= Spectrum of a matrix =

Set of a matrix's eigenvalues

In mathematics, the spectrum of a matrix is the set of its eigenvalues. (More precisely, it is its multiset of eigenvalues, where each eigenvalue comes with an associated multiplicity, and two spectra are only considered to be equal if each eigenvalue has the same multiplicity in each spectrum.) More generally, if $T\colon V \to V$ is a linear operator on any finite-dimensional vector space, its spectrum is the set of scalars $\lambda$ such that $T-\lambda I$ is not invertible. The determinant of the matrix equals the product of its eigenvalues. Similarly, the trace of the matrix equals the sum of its eigenvalues.
From this point of view, we can define the pseudo-determinant for a singular matrix to be the product of its nonzero eigenvalues (the density of multivariate normal distribution will need this quantity).
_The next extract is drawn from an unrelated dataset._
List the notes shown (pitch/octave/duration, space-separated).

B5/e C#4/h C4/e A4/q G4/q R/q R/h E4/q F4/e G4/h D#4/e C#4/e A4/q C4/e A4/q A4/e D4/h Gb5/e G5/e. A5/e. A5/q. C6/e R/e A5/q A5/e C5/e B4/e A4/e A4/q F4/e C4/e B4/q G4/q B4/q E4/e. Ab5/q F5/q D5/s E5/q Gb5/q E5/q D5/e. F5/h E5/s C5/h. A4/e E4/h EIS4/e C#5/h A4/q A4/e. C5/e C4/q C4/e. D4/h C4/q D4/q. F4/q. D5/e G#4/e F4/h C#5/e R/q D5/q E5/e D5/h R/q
In many applications, such as PageRank, one is interested in the dominant eigenvalue, i.e. that which is largest in absolute value. In other applications, the smallest eigenvalue is important, but in general, the whole spectrum provides valuable information about a matrix.

== Definition ==

Let $V'$ be a finite-dimensional vector space over some field $K$ and suppose $T:V\to V$ is a linear map. The spectrum of $T$, denoted $\operatorname{Spec}{T}$ or σ_{T}, is the multiset of roots of the characteristic polynomial of T. Thus the elements of the spectrum are precisely the eigenvalues of T, and the multiplicity of an eigenvalue λ in the spectrum equals the dimension of the generalized eigenspace of T for λ (also called the algebraic multiplicity of λ).
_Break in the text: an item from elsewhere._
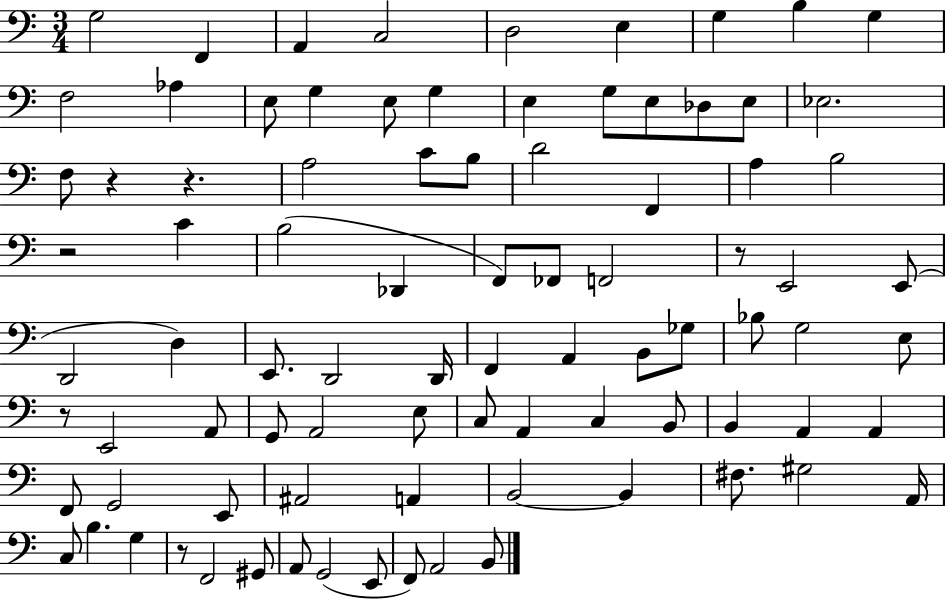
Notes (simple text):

G3/h F2/q A2/q C3/h D3/h E3/q G3/q B3/q G3/q F3/h Ab3/q E3/e G3/q E3/e G3/q E3/q G3/e E3/e Db3/e E3/e Eb3/h. F3/e R/q R/q. A3/h C4/e B3/e D4/h F2/q A3/q B3/h R/h C4/q B3/h Db2/q F2/e FES2/e F2/h R/e E2/h E2/e D2/h D3/q E2/e. D2/h D2/s F2/q A2/q B2/e Gb3/e Bb3/e G3/h E3/e R/e E2/h A2/e G2/e A2/h E3/e C3/e A2/q C3/q B2/e B2/q A2/q A2/q F2/e G2/h E2/e A#2/h A2/q B2/h B2/q F#3/e. G#3/h A2/s C3/e B3/q. G3/q R/e F2/h G#2/e A2/e G2/h E2/e F2/e A2/h B2/e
Now, fix a basis B of V over K and suppose M ∈ Mat_{K}(V) is a matrix. Define the linear map T : V → V pointwise by Tx = Mx, where on the right-hand side x is interpreted as a column vector and M acts on x by matrix multiplication. We now say that x ∈ V is an eigenvector of M if x is an eigenvector of T. Similarly, λ ∈ K is an eigenvalue of M if it is an eigenvalue of T, and with the same multiplicity, and the spectrum of M, written σ_{M}, is the multiset of all such eigenvalues.

== Related notions ==
The eigendecomposition (or spectral decomposition) of a diagonalizable matrix is a decomposition of a diagonalizable matrix into a specific canonical form whereby the matrix is represented in terms of its eigenvalues and eigenvectors.

The spectral radius of a square matrix is the largest absolute value of its eigenvalues. In spectral theory, the spectral radius of a bounded linear operator is the supremum of the absolute values of the elements in the spectrum of that operator.